Fatou Bensouda sempre se remete ao fato de que a ausência de atenção às mulheres nos julgamentos foi o que, desde jovem, levou-a a buscar uma carreira nos tribunais. “Eu não parecia sentir que elas (as mulheres) estavam recebendo o abraço protetor da lei. Para mim, essa é uma das coisas que informaram minha decisão de dizer, ‘Isso é o que eu quero fazer’ ”, declarou ela ao site inglês The Guardian.
De certa forma, além do enfrentamento nas altas esferas do Direito Internacional Fatou ganha a empatia do público por associar as tarefas da corte à situação de pessoas anônimas, como foco nas mulheres e crianças alcançadas e martirizadas nos conflitos e que, sem suas histórias individuais valorizadas e confrontadas com a do perpetrador, são apenas estatísticas à frente dos juízes.

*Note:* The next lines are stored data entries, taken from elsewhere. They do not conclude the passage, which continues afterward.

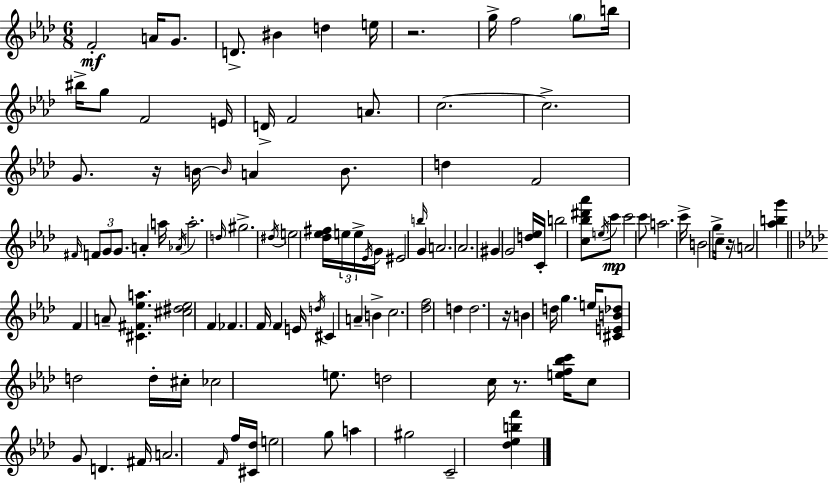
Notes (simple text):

F4/h A4/s G4/e. D4/e. BIS4/q D5/q E5/s R/h. G5/s F5/h G5/e B5/s BIS5/s G5/e F4/h E4/s D4/s F4/h A4/e. C5/h. C5/h. G4/e. R/s B4/s B4/s A4/q B4/e. D5/q F4/h F#4/s F4/e G4/e G4/e. A4/q A5/s Ab4/s A5/h. D5/s G#5/h. D#5/s E5/h [Db5,Eb5,F#5]/s E5/s E5/s Eb4/s G4/s EIS4/h B5/s G4/q A4/h. Ab4/h. G#4/q G4/h [D5,Eb5]/s C4/s B5/h [C5,Bb5,D#6,Ab6]/e E5/s C6/e C6/h C6/e A5/h. C6/s B4/h G5/s C5/s R/s A4/h [Ab5,B5,G6]/q F4/q A4/e [C#4,F#4,Eb5,A5]/q. [C#5,D#5,Eb5]/h F4/q FES4/q. F4/s F4/q E4/s D5/s C#4/q A4/q B4/q C5/h. [Db5,F5]/h D5/q D5/h. R/s B4/q D5/s G5/q. E5/s [C#4,E4,B4,Db5]/e D5/h D5/s C#5/s CES5/h E5/e. D5/h C5/s R/e. [E5,F5,Bb5,C6]/s C5/e G4/e D4/q. F#4/s A4/h. F4/s F5/s [C#4,Db5]/s E5/h G5/e A5/q G#5/h C4/h [Db5,Eb5,B5,F6]/q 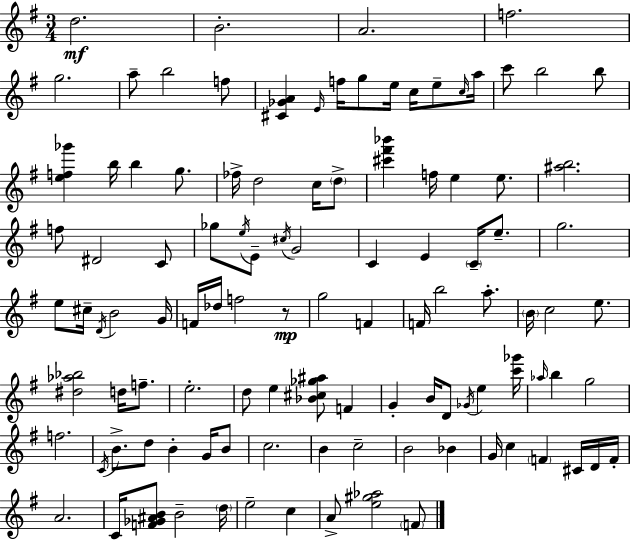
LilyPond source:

{
  \clef treble
  \numericTimeSignature
  \time 3/4
  \key e \minor
  d''2.\mf | b'2.-. | a'2. | f''2. | \break g''2. | a''8-- b''2 f''8 | <cis' ges' a'>4 \grace { e'16 } f''16 g''8 e''16 c''16 e''8-- | \grace { c''16 } a''16 c'''8 b''2 | \break b''8 <e'' f'' ges'''>4 b''16 b''4 g''8. | fes''16-> d''2 c''16 | \parenthesize d''8-> <cis''' fis''' bes'''>4 f''16 e''4 e''8. | <ais'' b''>2. | \break f''8 dis'2 | c'8 ges''8 \acciaccatura { e''16 } e'8-- \acciaccatura { cis''16 } g'2 | c'4 e'4 | \parenthesize c'16-- e''8.-- g''2. | \break e''8 cis''16-- \acciaccatura { d'16 } b'2 | g'16 f'16 des''16 f''2 | r8\mp g''2 | f'4 f'16 b''2 | \break a''8.-. \parenthesize b'16 c''2 | e''8. <dis'' aes'' bes''>2 | d''16 f''8.-- e''2.-. | d''8 e''4 <bes' cis'' ges'' ais''>8 | \break f'4 g'4-. b'16 d'8 | \acciaccatura { ges'16 } e''4 <c''' ges'''>16 \grace { aes''16 } b''4 g''2 | f''2. | \acciaccatura { c'16 } b'8.-> d''8 | \break b'4-. g'16 b'8 c''2. | b'4 | c''2-- b'2 | bes'4 g'16 c''4 | \break \parenthesize f'4 cis'16 d'16 f'16-. a'2. | c'16 <f' ges' ais' b'>8 b'2-- | \parenthesize d''16 e''2-- | c''4 a'8-> <e'' gis'' aes''>2 | \break \parenthesize f'8 \bar "|."
} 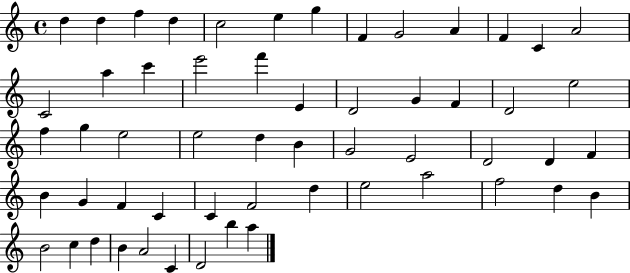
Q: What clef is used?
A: treble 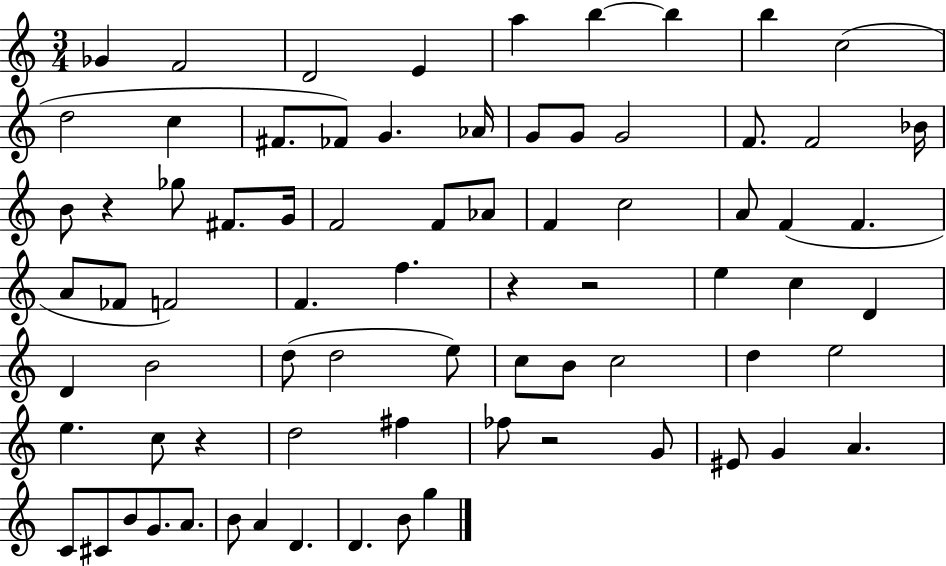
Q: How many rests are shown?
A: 5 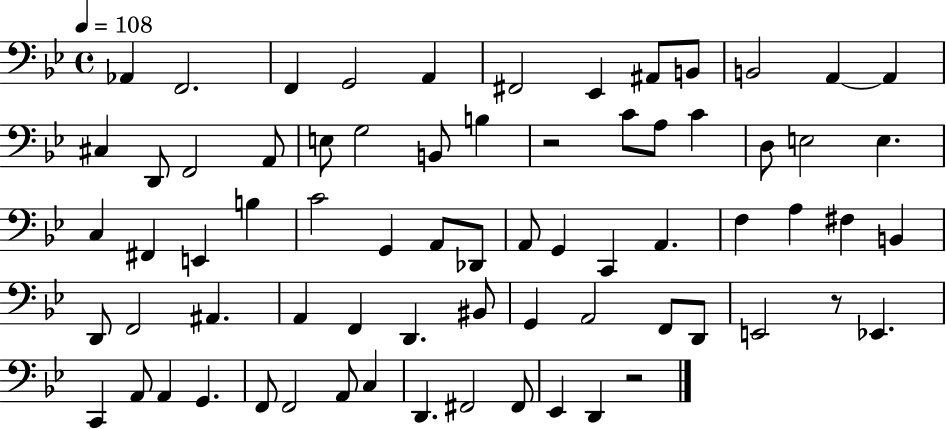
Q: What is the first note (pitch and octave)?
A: Ab2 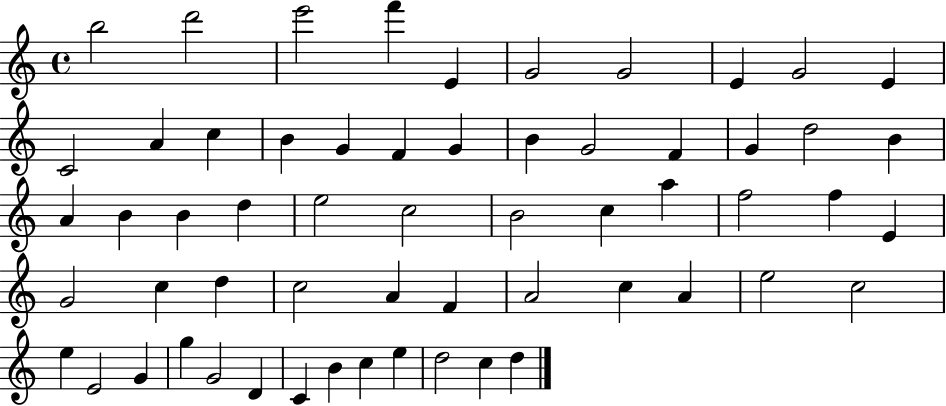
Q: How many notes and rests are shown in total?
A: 59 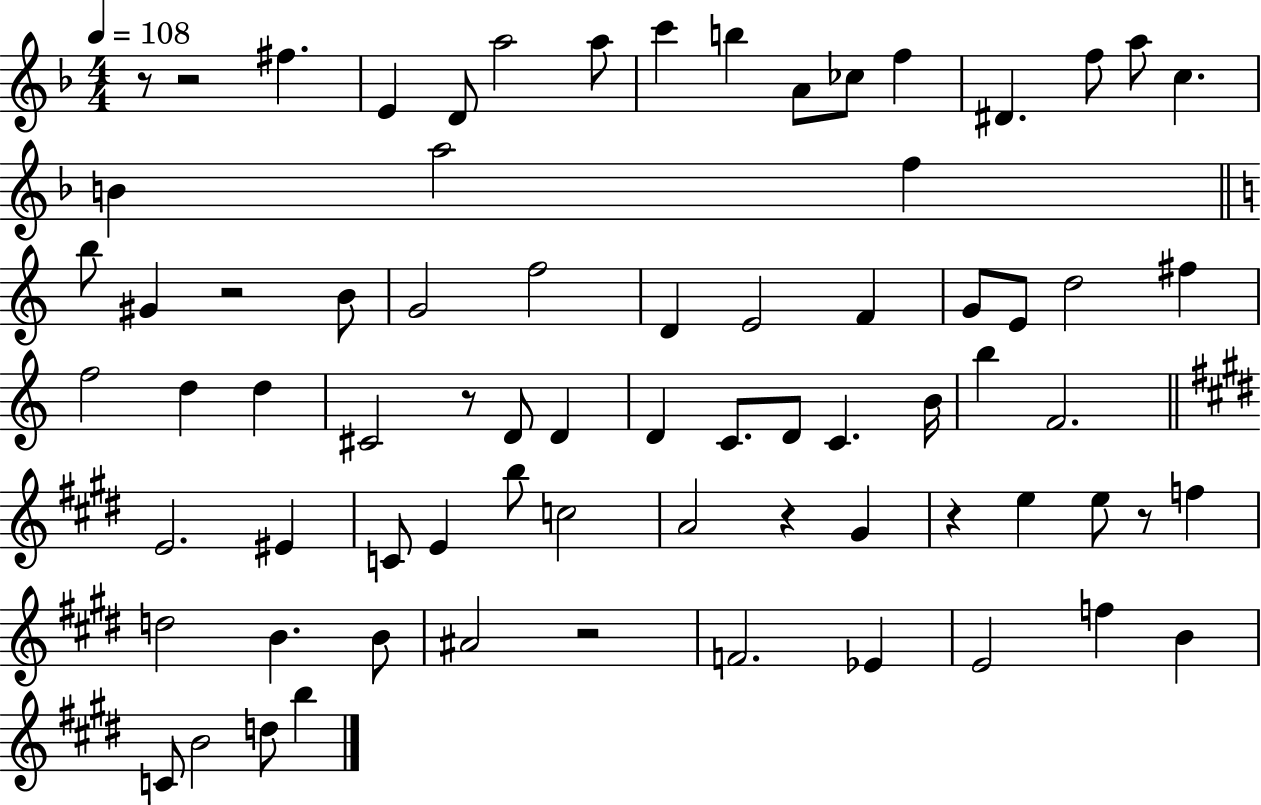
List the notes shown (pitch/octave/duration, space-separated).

R/e R/h F#5/q. E4/q D4/e A5/h A5/e C6/q B5/q A4/e CES5/e F5/q D#4/q. F5/e A5/e C5/q. B4/q A5/h F5/q B5/e G#4/q R/h B4/e G4/h F5/h D4/q E4/h F4/q G4/e E4/e D5/h F#5/q F5/h D5/q D5/q C#4/h R/e D4/e D4/q D4/q C4/e. D4/e C4/q. B4/s B5/q F4/h. E4/h. EIS4/q C4/e E4/q B5/e C5/h A4/h R/q G#4/q R/q E5/q E5/e R/e F5/q D5/h B4/q. B4/e A#4/h R/h F4/h. Eb4/q E4/h F5/q B4/q C4/e B4/h D5/e B5/q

Por trás dos números, o Direito Internacional esconde suas feridas.
Nessas frases claras e compreensíveis, Fatou Bensouda traduz dramas e pedidos de socorro que se escondem nas gavetas travadas da justiça internacional: “Devemos continuar a trabalhar pelas vítimas de crimes atrozes que olham para o Tribunal como um último farol de esperança para a justiça”.